The couple found their little slice of heaven at the south end of Camano in 1979. They took a class about how to build a log home. The Andersens built a sturdy showplace, an oasis — snowshoes hung on a beam above the living room seem a perfect fit.
They share a comfortable life, except when power goes out in a storm. Last year, when they were out of electricity for almost a week, totally cut off from communications, their daughter, Alice, who lives in Ballard, called 911.
A nice deputy found that the Andersens were managing, with goods delivered by friends and neighbors who supplied water, propane and dry wood.
This year, Erna Andersen says they are ready for the worst.
“I have water ready, wood, propane, canned food, matches, candles and batteries,” she said. “We can endure anything.”
They will hunker down during an outage, she said, until the hard-working PUD crews make it to the south end of Camano.
Sometimes, that trek is a challenge, said Neil Neroutsos, a utility spokesman.
“A lot of storm systems come into the area,” Neroutsos said. “When there are heavier winds, Camano and Whidbey Island are often one of the first parts of Western Washington that get hit.”

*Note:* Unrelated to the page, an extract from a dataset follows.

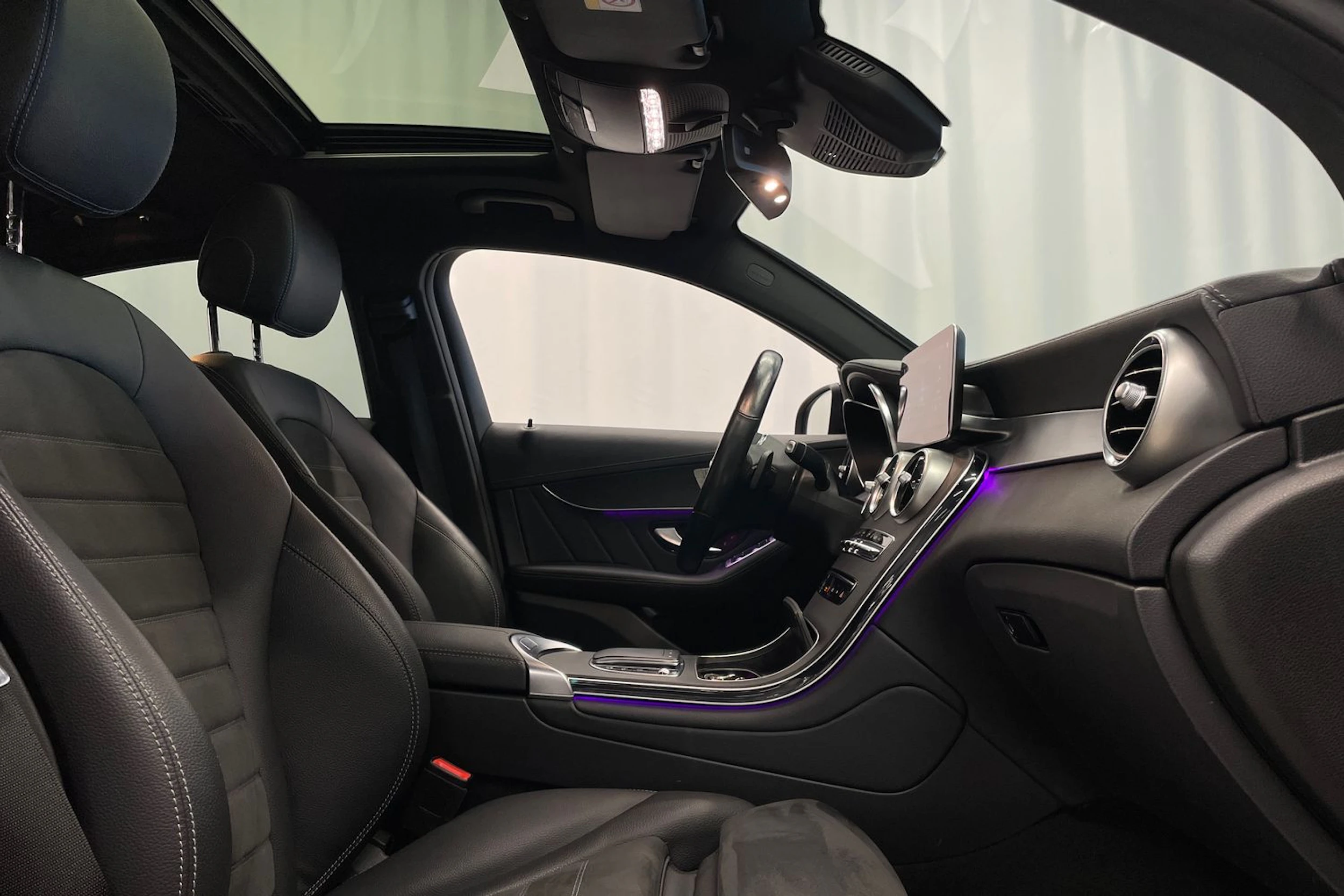 harmaa Mercedes-Benz GLC 2021 kuva 30.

He said the PUD has done tree trimming around Camano in preparation for bad weather.
In case the couple loses electricity, they can eat fruit, potato mixes and Spam.
They like Spam.
The Andersens have a radio with batteries and something much more important. When the power goes out, they carry a tape recorder to the living room.
In the 1950s and ’60s, they sent reels of audio tapes back and forth to the old country to record daily family news.
“We have a cozy time and listen to the voices,” Erna Andersen said. “You can hear them so clearly.”
When the power snapped off a few weeks back, Erna and Povl Andersen turned on the machine, snuggled under blankets and were warmed with sounds of love from the old country.